Reuben Davis (representative)
Reuben O. Davis was a lawyer, United States representative, Confederate representative and brigadier general from Mississippi.
Early Life
Born in Winchester, Tennessee into a family of Welsh origin, he moved with his parents to Alabama about 1818. His grandfather Joseph Davis was born in Wales in 1763 and emigrated to Virginia. Reuben Davis attended the public schools. Later, he studied medicine, but practiced only a few years, when he abandoned the profession. He then studied law, was admitted to the bar in 1834, and commenced practice in Aberdeen, Mississippi.Career
Davis "became one of the most successful criminal lawyers in the South", and was elected prosecuting attorney for the sixth judicial district 1835–1839. He was an unsuccessful Whig candidate for the Twenty-sixth Congress in 1838. He was then appointed by Governor Tilghman Tucker as a judge of the high court of appeals in 1842, but after four months' service resigned. According to the US Census, the Davis household kept 4 slaves in 1840, 18 in 1850, and 42 in 1860.Davis served as colonel of the Second Regiment of Mississippi Volunteers in the Mexican–American War. After the Mexican war, he was a member of the Mississippi House of Representatives 1855–1857. He was elected as a Democrat to the Thirty-fifth and Thirty-sixth Congresses and served from March 4, 1857, to January 12, 1861, when he withdrew from Congress following Mississippi's secession. Davis then represented his state in the 1st Confederate States Congress until his resignation in October 1863.

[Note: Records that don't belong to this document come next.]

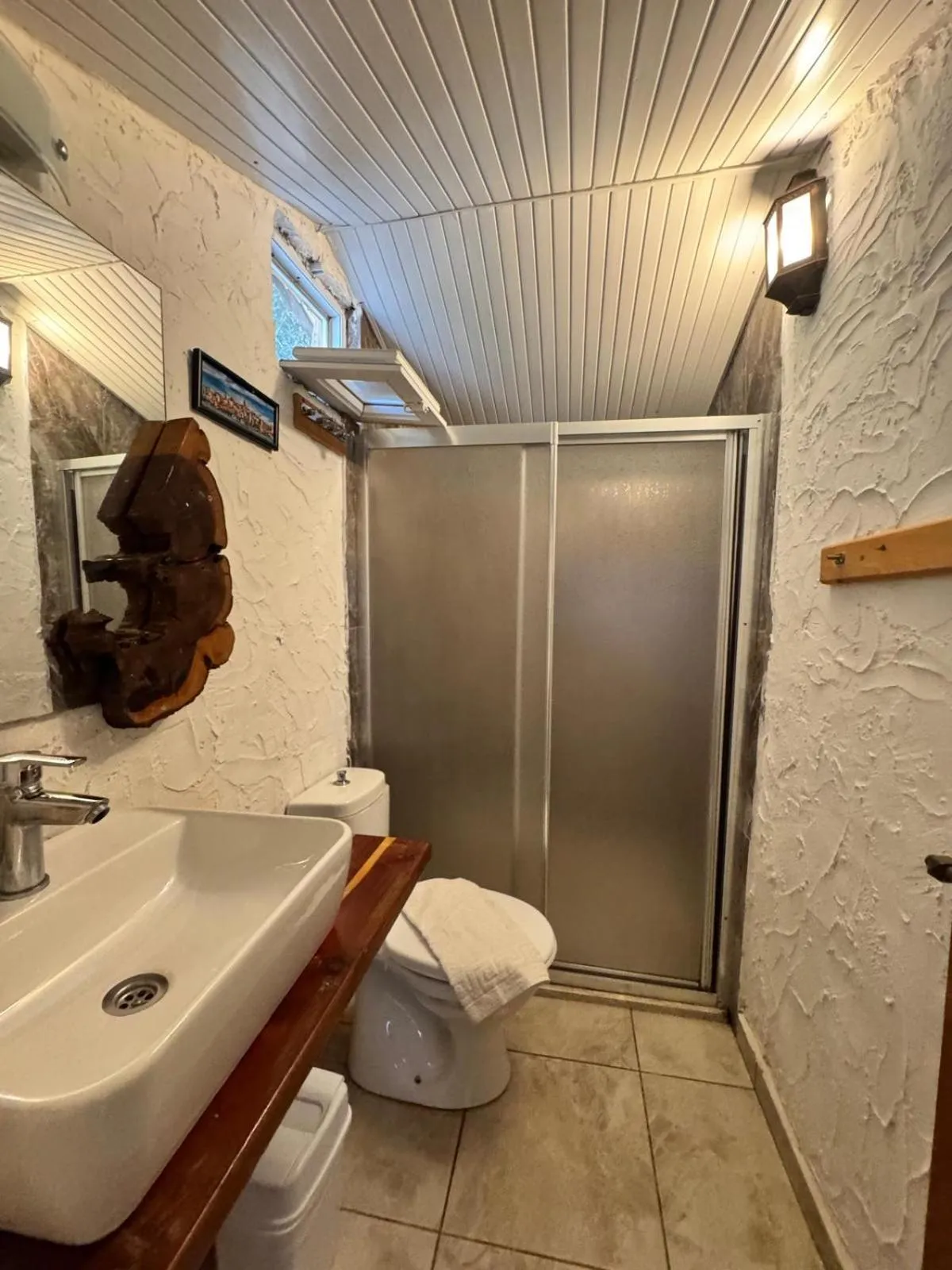 Shower in KiDRAK OTEL MONTENEGRO-1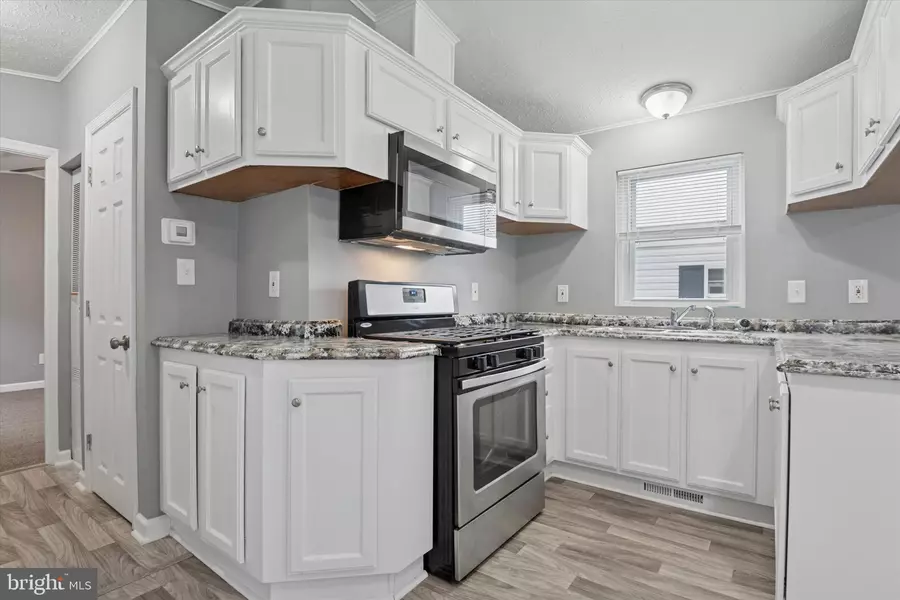 8 DEL HAVEN CT, Wilmington, DE 19809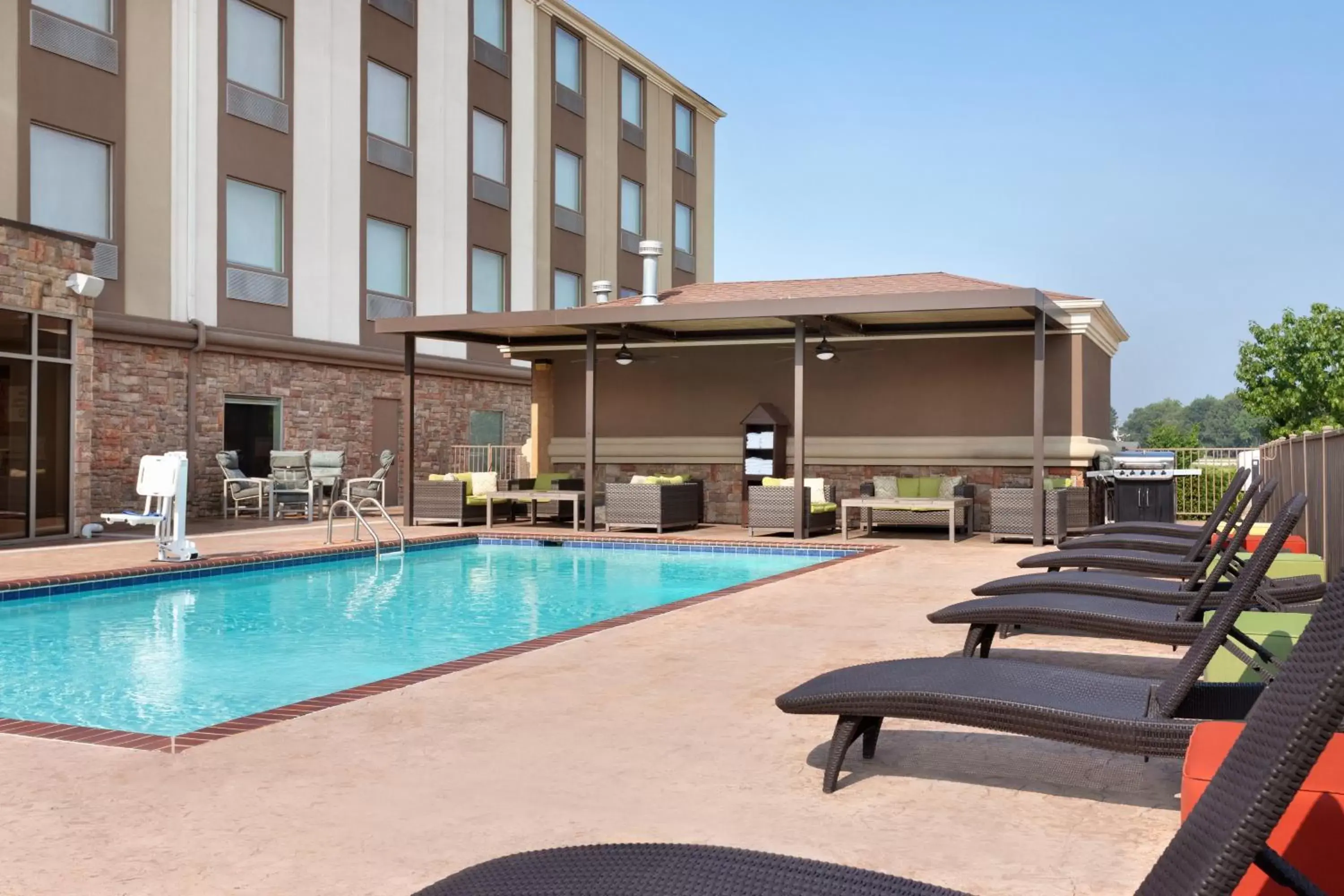 Swimming pool in Holiday Inn Express & Suites Searcy by IHG Swimming pool in Holiday Inn Express & Suites Searcy by IHG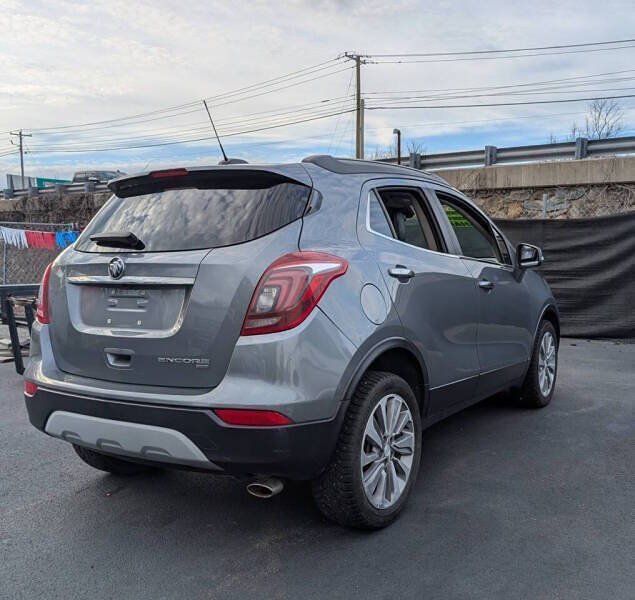 Used 2019 Buick Encore Preferred AWD/4WD image 5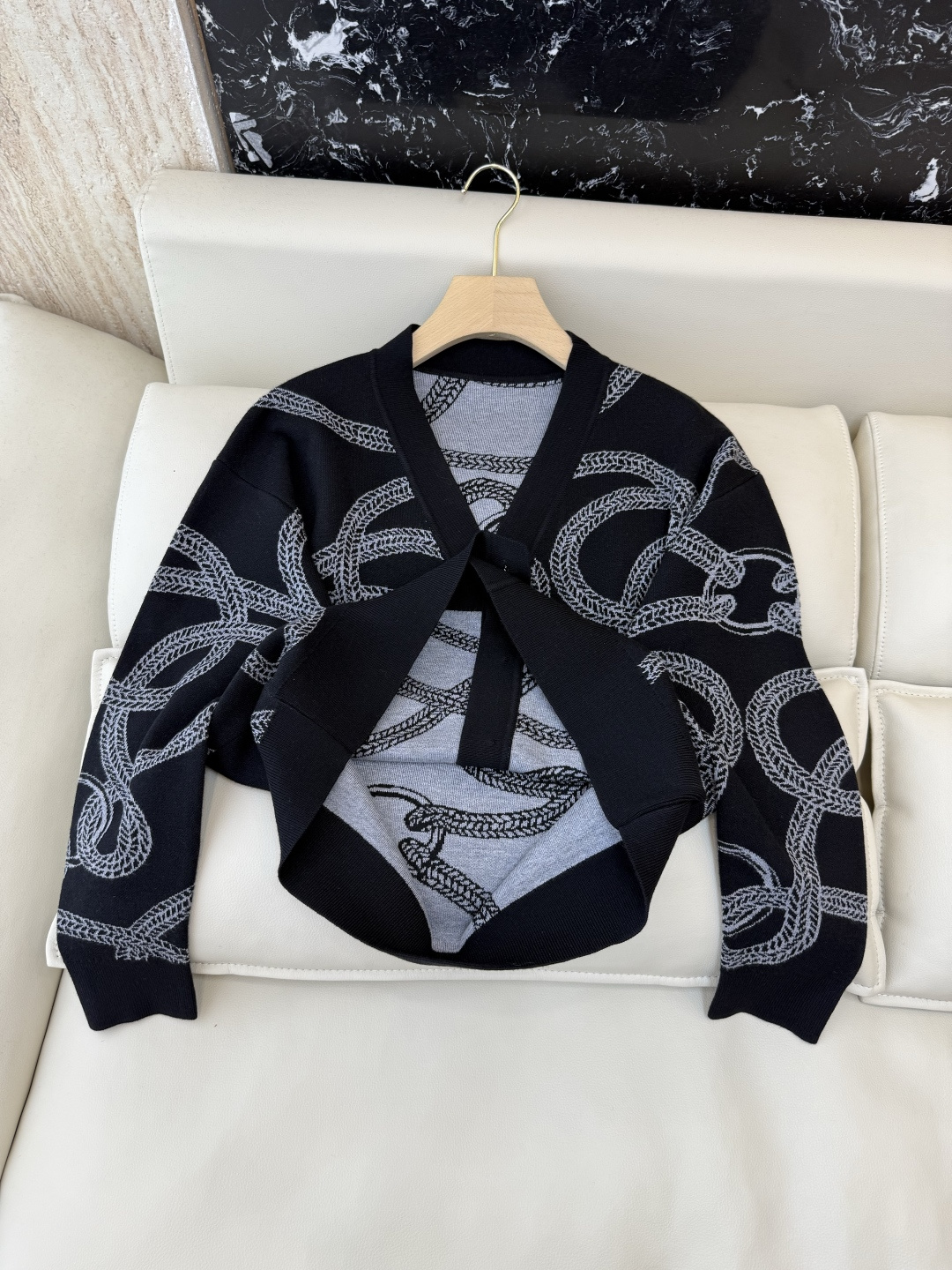 H32590#新款羊毛针织💕H家 爱马仕 20% 羊毛 开衫外套 羊毛针织衫 黑色 红色 S-XL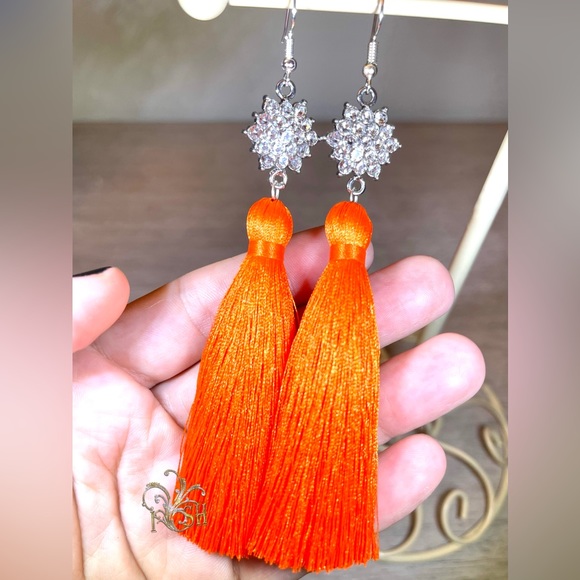 Earrings - Picture 3 of 4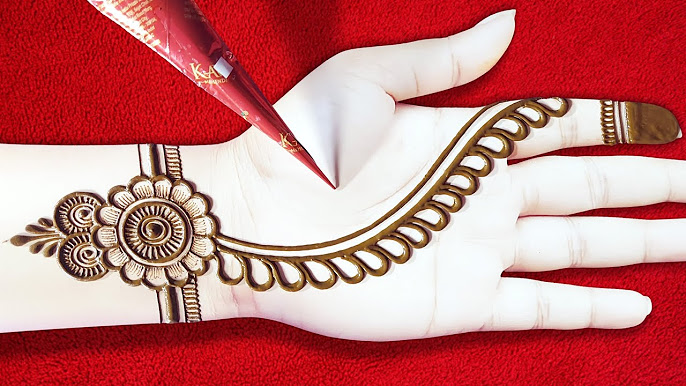 Bracelet-Style Mehndi Design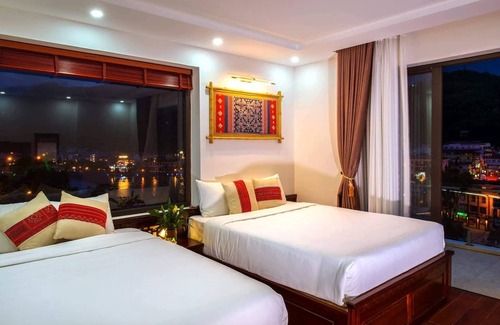 Sa Pa Hotel | Spacious room with 2 queen beds and large balcony in Sapa Town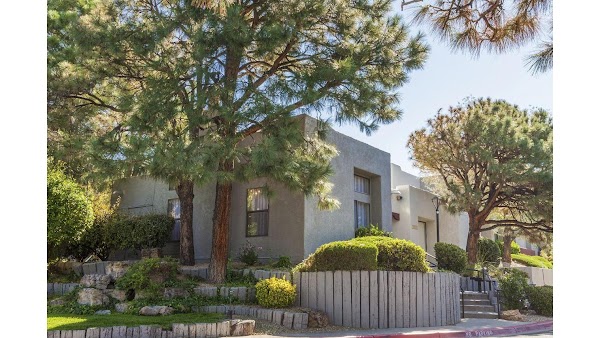 Quincy apartments in Albuquerque, NM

During the American Civil War, Davis volunteered to serve as a Brigadier General of Mississippi troops sent to Kentucky as part of the Army of 10,000. This force did not see combat, and after returning home Davis briefly served again as a general in the Mississippi State Troops from June to August 1862 before resigning his commission. After the war, he resumed the practice of law. He was an unsuccessful Greenback candidate for the Forty-sixth Congress in 1878. During this period he purchased a Greek Revival style house in Aberdeen, Mississippi, known as Sunset Hill, and wrote his Recollections of Mississippi and Mississippians. He died suddenly, while in Huntsville, Alabama in 1890 and was buried at the Odd Fellows Cemetery in Aberdeen.